気配りと言っても難しいことはありません。会話のバランスの偏りに注意すること。偏りに気づいたらすぐに修正すること。つまり、「ひとりぼっち」をつくらないこと。「ひとりぼっち」を放っておかないことです。
ここではたまたま3人のケースを例に挙げましたが、4人、5人と会話の人数が増えていっても同じことです。大勢で盛り上がっているときこそ気配り目配りをして、「蚊帳の外」の人をつくらない配慮をする。2人だろうと、3人だろうと、もっと大勢だろうと、気持ちよく会話をするために必要なのはやはり、人としてのやさしさと思いやりなのですね。
お酌をすることで孤立状態から救い出すことができる
会話のバランスをいち早く察知して話に入れずに蚊帳の外にいる人に話を向ける。
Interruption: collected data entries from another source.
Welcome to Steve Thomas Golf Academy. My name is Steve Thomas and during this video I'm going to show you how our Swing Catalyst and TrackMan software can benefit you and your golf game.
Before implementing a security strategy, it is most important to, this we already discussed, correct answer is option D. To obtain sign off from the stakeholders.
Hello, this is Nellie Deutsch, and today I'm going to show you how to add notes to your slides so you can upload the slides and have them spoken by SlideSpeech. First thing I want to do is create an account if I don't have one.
こうした目配りは、お酒の席での“ある行為”に通じるものがあるように思います。そのある行為とは何か。グラスが空いている人がいたら、「まあ、一杯」とお酒を注ぐ――お酌です。
やれお酒の強要だ、女性蔑視だ、パワハラだと、何かと否定的に見られがちな日本のお酌文化ですが、本来のお酌には、こうした周囲への気配り、目配りを欠かさないという日本人のよき伝統とメンタリティが込められていると思うのです。
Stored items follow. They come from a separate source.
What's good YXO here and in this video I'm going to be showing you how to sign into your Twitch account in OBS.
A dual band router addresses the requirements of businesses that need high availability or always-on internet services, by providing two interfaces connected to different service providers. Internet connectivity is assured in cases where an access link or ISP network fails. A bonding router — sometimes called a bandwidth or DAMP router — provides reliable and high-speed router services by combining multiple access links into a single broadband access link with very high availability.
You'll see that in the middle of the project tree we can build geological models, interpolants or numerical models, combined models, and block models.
例えば、立食パーティーなどで周囲の話に入れず、ぽつねんと立ち尽くしている人に、「○○さん。グラス空いてるじゃないですか」とお酒を注ぎながら声をかけることで、孤立状態から救い出すことだってできます。
お酒を注ぐこと以上に、話に入る糸口をもたらすのがお酌の役割でもあるのです。テーブルで会話から外れてしまったお客さまがいらっしゃったときは、すかさず「お酒、おつくりしましょうか」――私たちはそう心がけています。たとえまだグラスが空いていなくても声をかけます。そうすることが、そのお客さまを会話の流れに呼び戻すキッカケになるからです。
もちろんセクハラもパワハラも許されませんが、孤立しそうな人への気遣いという意味での「本来のお酌」の心得には、社会人として学ぶべきものがあると思うのです。